Amy parla pourtant avec un calme étudié :

« Ainsi, vous ne vous dérangez pas pour lui ; mais, vous vous en souvenez, vous m’aviez confié que le premier soir, vous vous étiez départie de vos habitudes. Elle essaya elle aussi de rire.

– Oh ! oui, mais c’était au début, je l’ai vu si souvent depuis ! Est-ce que vous ne l’aviez jamais revu ? questionna-t-elle. Puis, comme sa compagne se contentait de la regarder sans répondre : Était-ce vraiment la première fois depuis notre conversation ? Puis, devant le silence persistant de la plus jeune, elle continua : Vous me croyez, n’est-ce pas ?

– Comment pourrais-je mettre votre parole en doute en voyant votre air assuré et, je dois le dire, assez étrange ?

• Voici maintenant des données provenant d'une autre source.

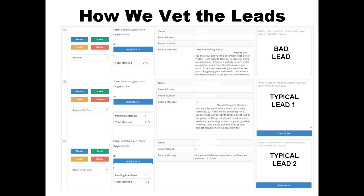Next, I want to let you know how we vet the leads. At the top, you can see a bad lead — we aren't even going to send those to you, whether it's spam, scams, or people selling you things. We're just going to put them in the bad lead category and not bother you at all. The second kind is a typical lead where there's quite a bit of time before the event and she's invited four or five speakers to respond. The last one is also typical but less common — she's only reached out to one speaker and the event is coming right away. Just know that oftentimes they're reaching out to several speakers at once.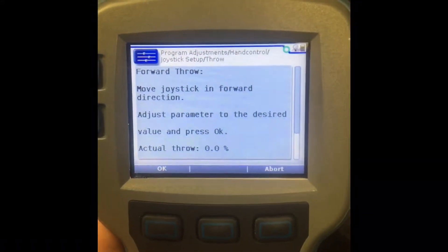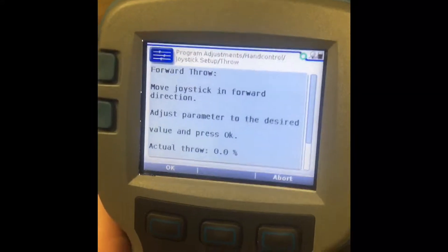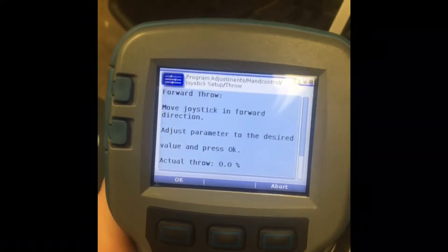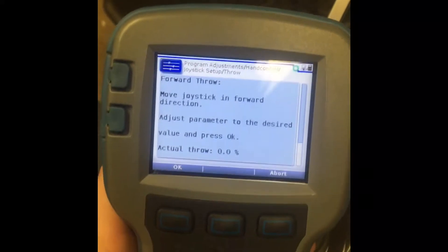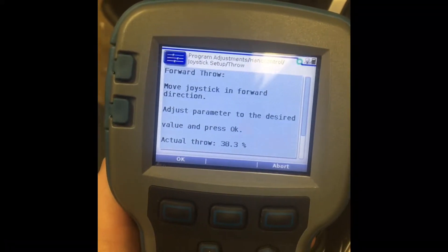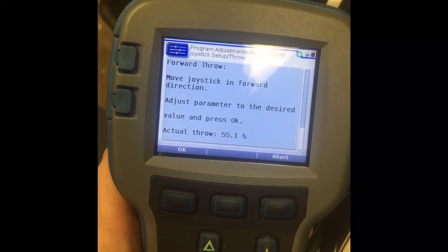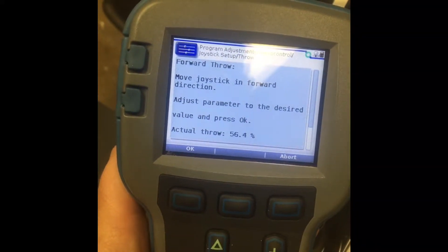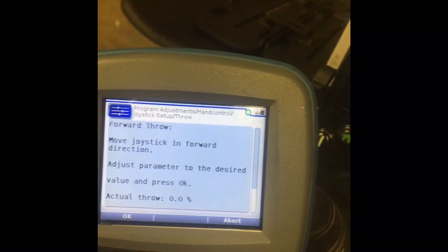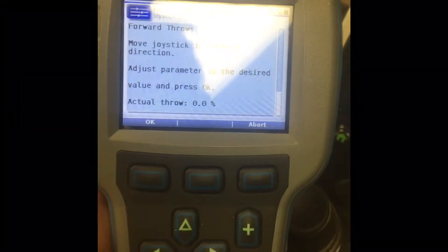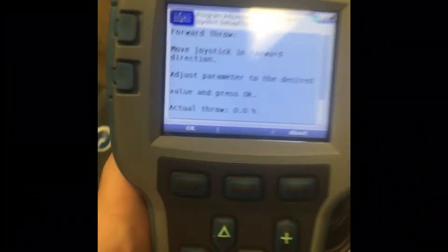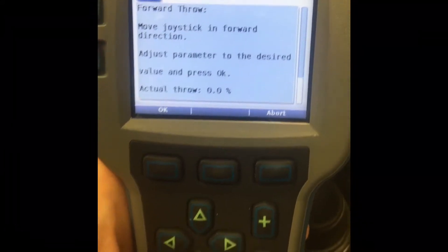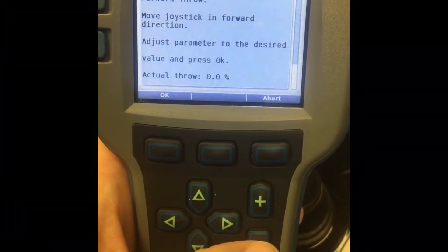You can't follow the directions on here until there is an update, but if you move the joystick in a forward movement, you can get an idea of how far you need to go. But you have to click the down button.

– J’espère m’être conduite décemment ? interrogea Suzanne, mais Amy restait plongée dans ses propres pensées. L’aînée revint à la charge : Ainsi, vous avez attendu et rien ne s’est produit ?

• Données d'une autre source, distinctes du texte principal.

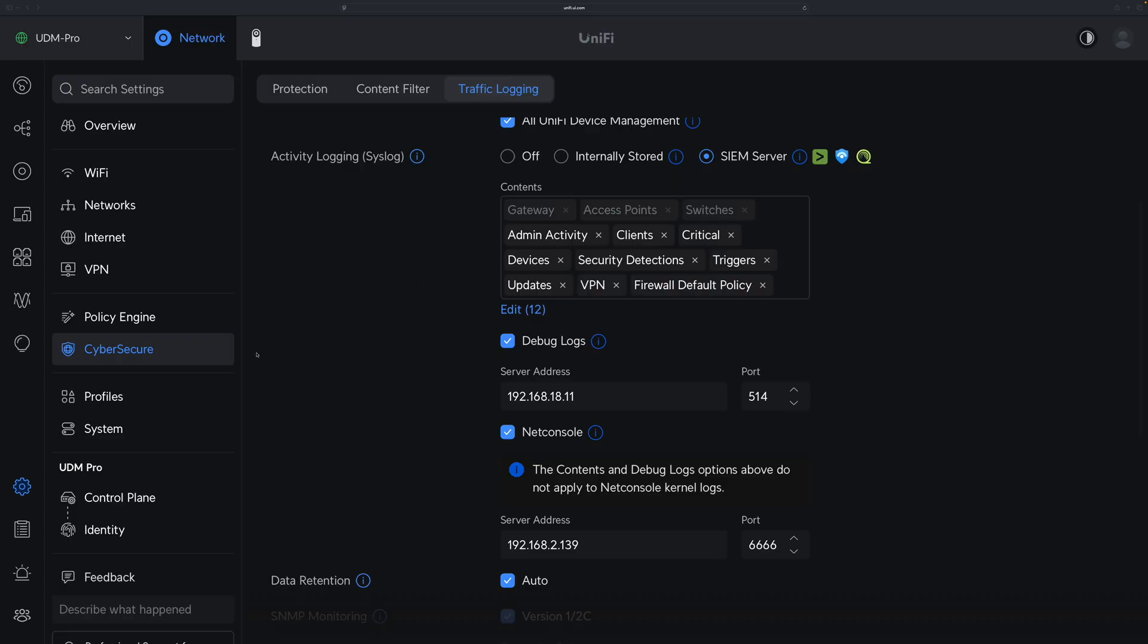In UniFi Network application under the Traffic Logging setting for Activity Logging, there is a setting about netconsole. If you check the further information, it mentions three important things: it sends kernel logs from UniFi device's syslog, not just this gateway, to a remote netconsole server. So in this video, let's explore this option.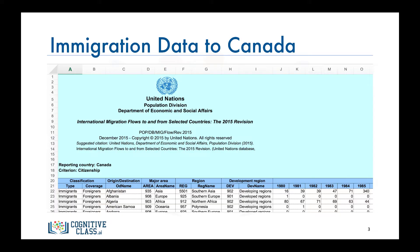Row 21 contains the labels of the columns. Following that, each row represents a country and contains metadata about the country such as what continent it resides in and what region it belongs to.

– Mais si, je vous l’ai dit, c’est arrivé ! protesta miss Amy en rougissant dans l’obscurité... C’est arrivé aujourd’hui !

– Mieux vaut tard que jamais ! railla Suzanne, en se levant.

– C’est parce que vous croyez avoir sujet d’être jalouse que vous vous êtes comportée si bizarrement ces temps derniers ? demanda Amy, assise et fixant sa rivale.

– Jalouse ? » Cette pointe fit bondir la pauvre Suzanne.

Le ton de sa voix était si extraordinaire qu’il fit se dresser son amie. Et là, pendant une minute, dans la pièce non éclairée où le feu n’avait pas été allumé, puisqu’on était au printemps, et où la fraîcheur du soir se faisait sentir, les deux cousines se dressèrent et s’affrontèrent comme deux ennemies. Heureusement, la situation se prolongea assez longtemps pour que l’une des deux eût le temps de la juger horrible.

« Pourquoi nous quereller à présent ? murmura Amy.

– Oui, répondit Suzanne, se ressaisissant à son tour, c’est mal de notre part.

– Surtout maintenant que nous sommes égales, continua Amy.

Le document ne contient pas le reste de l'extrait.